I have always liked bees , never been scared of them, but about the only exposure I have had is the hive in the tree out front and a buddy growing up who's dad kept a few hives when I was younger. 

What Id like is any advice for a rank beginner. Ive ordered *The Beekeeper's Handbook* to read while stuck in the sleeper of my truck.

I cant find a bee keeper's club anywhere close, so that's out.

I am a quick visual/hands on learner, but I guess Id have to find some one that would let me hang out and watch.

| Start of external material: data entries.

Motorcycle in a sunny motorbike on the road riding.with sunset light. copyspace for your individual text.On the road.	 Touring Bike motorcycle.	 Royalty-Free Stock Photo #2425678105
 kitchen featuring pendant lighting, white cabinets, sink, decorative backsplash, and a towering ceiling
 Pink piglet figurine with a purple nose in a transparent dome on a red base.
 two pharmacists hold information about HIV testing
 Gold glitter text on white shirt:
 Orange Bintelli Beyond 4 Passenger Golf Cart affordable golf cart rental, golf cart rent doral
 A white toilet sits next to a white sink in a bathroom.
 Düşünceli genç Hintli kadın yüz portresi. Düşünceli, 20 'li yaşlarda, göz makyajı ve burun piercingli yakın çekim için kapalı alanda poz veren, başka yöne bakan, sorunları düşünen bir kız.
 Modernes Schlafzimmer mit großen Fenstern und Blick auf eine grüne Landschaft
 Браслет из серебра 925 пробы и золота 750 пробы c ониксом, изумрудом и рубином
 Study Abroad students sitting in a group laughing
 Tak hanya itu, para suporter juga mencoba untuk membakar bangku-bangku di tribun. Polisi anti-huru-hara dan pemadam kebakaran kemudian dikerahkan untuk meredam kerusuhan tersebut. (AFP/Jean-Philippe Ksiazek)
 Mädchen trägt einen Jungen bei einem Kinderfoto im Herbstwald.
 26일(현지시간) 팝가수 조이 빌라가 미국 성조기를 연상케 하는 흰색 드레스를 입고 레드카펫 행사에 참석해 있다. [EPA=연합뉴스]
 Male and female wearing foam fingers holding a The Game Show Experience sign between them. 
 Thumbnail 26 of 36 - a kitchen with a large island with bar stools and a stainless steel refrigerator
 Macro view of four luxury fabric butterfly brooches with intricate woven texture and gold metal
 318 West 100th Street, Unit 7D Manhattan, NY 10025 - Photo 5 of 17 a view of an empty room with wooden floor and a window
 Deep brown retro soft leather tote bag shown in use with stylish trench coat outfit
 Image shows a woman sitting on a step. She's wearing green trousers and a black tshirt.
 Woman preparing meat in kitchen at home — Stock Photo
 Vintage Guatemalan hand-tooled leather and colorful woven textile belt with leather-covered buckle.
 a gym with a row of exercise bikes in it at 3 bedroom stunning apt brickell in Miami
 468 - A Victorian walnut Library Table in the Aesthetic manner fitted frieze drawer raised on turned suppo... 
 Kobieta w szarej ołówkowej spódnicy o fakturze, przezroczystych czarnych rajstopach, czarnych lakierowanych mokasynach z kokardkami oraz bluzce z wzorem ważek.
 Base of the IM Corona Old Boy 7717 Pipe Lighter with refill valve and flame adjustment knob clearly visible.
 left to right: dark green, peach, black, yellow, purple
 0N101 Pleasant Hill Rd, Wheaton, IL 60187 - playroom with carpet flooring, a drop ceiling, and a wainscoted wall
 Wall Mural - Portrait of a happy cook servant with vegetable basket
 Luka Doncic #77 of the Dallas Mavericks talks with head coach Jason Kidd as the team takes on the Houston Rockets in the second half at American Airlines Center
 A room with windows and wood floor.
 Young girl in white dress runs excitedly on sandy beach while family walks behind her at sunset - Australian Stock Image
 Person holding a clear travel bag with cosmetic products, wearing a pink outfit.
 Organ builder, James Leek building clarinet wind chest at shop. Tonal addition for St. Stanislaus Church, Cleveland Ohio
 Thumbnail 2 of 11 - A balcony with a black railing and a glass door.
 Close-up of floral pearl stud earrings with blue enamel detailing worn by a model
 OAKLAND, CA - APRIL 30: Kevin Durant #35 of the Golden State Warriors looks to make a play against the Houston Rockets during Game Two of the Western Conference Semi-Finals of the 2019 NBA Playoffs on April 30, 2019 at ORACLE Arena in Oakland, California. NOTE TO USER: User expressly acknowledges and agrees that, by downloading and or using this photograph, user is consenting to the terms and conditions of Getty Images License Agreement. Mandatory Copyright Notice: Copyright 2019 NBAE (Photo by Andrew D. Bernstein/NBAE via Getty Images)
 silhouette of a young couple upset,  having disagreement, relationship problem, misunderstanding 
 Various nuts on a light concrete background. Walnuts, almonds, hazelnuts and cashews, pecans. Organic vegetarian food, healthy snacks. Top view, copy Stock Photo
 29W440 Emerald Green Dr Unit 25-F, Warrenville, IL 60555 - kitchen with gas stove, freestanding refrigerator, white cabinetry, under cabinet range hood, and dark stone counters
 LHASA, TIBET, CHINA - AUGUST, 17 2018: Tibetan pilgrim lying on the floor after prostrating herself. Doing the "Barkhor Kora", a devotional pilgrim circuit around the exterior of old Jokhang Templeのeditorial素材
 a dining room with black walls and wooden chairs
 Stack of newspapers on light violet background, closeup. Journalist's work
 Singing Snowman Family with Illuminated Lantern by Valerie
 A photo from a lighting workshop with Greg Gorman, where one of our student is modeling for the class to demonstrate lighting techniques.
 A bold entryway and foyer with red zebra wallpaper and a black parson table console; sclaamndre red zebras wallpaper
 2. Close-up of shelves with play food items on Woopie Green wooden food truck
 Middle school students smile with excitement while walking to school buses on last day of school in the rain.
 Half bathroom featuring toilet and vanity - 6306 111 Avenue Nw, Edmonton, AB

So other than that, what do I need to do/research/study up on to get prepared as best I can?

Thanks


----------



## alleyyooper (Apr 22, 2005)

Read the book a couple of times. I started out on my own except for friends I found on the internet and the guy I bought a nuc from.
Of course I had a digital camera so if I saw some thing I didn't under stand or could find and answer for in the books I had I sent a picture to a friend.

A club formed after my second year so that was even better. the club I give due to my still being a bee keeper today.

 Al


----------



## scrapiron (Jul 23, 2011)

Just an idea... I assume you are a trucker since you referenced the sleeper of your truck. Mabey you can find a class or 2 in a larger city that you pass thru while out on the road. 
Either way, reading is the no fail way to go. BEFORE you buy books, look at the copyrite date on the inside cover. Dont buy any books that are over 10 years old. I made this mistake and was relying on misinformation. Alot has changed in the bee world and it is best to stick with newer information. Good luck.


----------



## BobbyB (Apr 6, 2009)

I do drive a truck, but I haul frac sand in he oil field. Lots of waiting , but most towns I get stuck in are smaller than where I live and that is a population of less than 7000.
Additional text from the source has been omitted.